Reject traditions. Forget about velcro. We want to change the way you think about your wallet.
I’m the wife portion of a team that consists of my husband-to-be and his brother. Together, we are Outlast Goods: a start-up finished leather goods company trying to change the way you think about consumerism.
It all starts with the farm. My fiance Noah and I worked on goat dairies across the country for three years before jumping back into “layman’s life” as the farm community lovingly calls non-farm work.
Like many farmers before and after us, we sent certain animals to slaughter for meat. A few weeks later, we’d get back all of the cuts, but left behind were the hides.

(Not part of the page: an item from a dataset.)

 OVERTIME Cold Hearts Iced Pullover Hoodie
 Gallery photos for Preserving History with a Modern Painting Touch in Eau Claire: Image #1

Enter the tannery. Noah’s family, the Meyers, have been tanning leather for over 500 years. What started in Germany in the 16th century followed the Meyer clan to present-day America. Today, his father and two brothers operate a small tannery under the name Pergamena in Montgomery, a sleepy town in the Hudson Valley of New York.
The Meyers produce their goat, calf, cow, and deer leather in small batches; every single hide is touched by at least one person in their 5-person factory as the hides travel through the production line.
They also practice the rare art of vegetable tanning. The process uses naturally-derived tannins from the likes of tree bark and has minimal impact to the environment. What’s more, all of the hides are by-products of the food system. These hides came from real animals on American farms.
The tannery is on the constant search for their dream client that will embrace the occasional natural imperfections of handmade leather, and be willing to pay a premium for goods made at this scale and of this quality. It dawned on Stephen Meyer, the second youngest Meyer son who joined the family business shortly after graduating from college, that he could create that dream client in himself. He enlisted the help of me and his brother Noah to bring Outlast Goods to life.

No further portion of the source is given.